Abstract:
With the increasing prevalence of parallel computing in modern hardware, optimizing applications to leverage parallelism has become crucial for enhancing performance. Python, known for its ease of development and wide adoption, faces significant challenges in parallelization due to the Global Interpreter Lock (GIL), necessitating workarounds through compiled languages or specialized libraries like Ray, Dask, and Joblib. While existing automatic parallelization tools primarily focus on libraries such as NumPy, they fall short in addressing Python’s advanced features and dynamic nature. This thesis aims to bridge this gap by developing a comprehensive methodology for dynamically analyzing Python programs to identify dependencies and generate parallelization recommendations that can match the performance of expert-written code.
Our proposed solution involves several key components. First, we created a custom tracer capable of logging execution time, memory footprint, and variable interactions in real time. This data is then used to construct a detailed dependency graph, which serves as the foundation for guiding the parallelization recommendation process. Secondly, we developed a novel heuristic to generate recommendations for which statements should be parallelized and how to achieve this. Additionally, we developed a sophisticated program rewriter that applies these recommendations back into the original source code, ensuring that the parallelized code maintains its integrity and functionality.
The effectiveness of our system was tested on various real-world programs sourced from platforms like Kaggle. These tests demonstrated our system’s ability to accurately identify dependency graphs even for complex codebases and to generate parallelization recommendations that significantly reduce execution time.

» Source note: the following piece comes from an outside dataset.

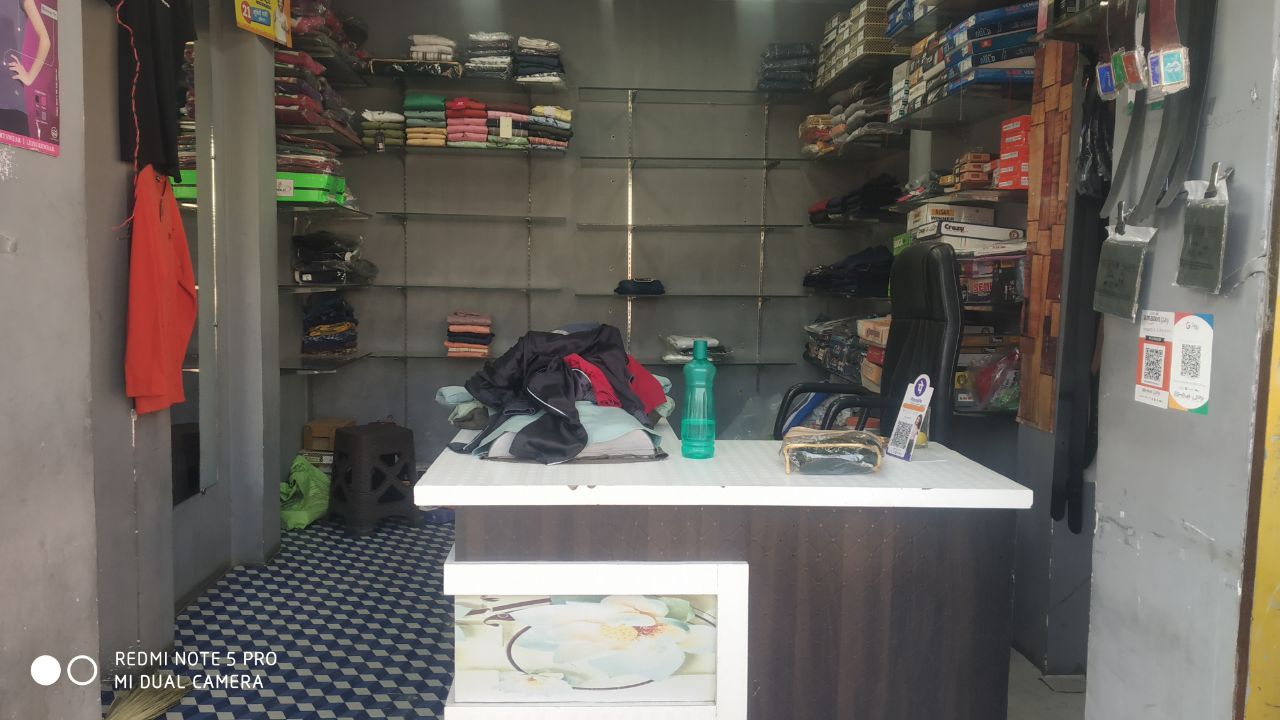 रेडीमेड कपड़ों की दुकान का शटर तोडक़र 3 लाख रुपए के कपड़े चुरा ले गए चोर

The results showed that our approach not only preserves the original logic and structure of the programs but also enhances their performance by effectively utilizing parallel computing capabilities.
In conclusion, this thesis presents a novel approach to addressing Python’s parallelization challenges, offering a tool that dynamically analyzes and optimizes Python programs. Our work provides a valuable contribution to the field of parallel computing, particularly for developers seeking to improve the performance of Python applications in an increasingly multi-core world.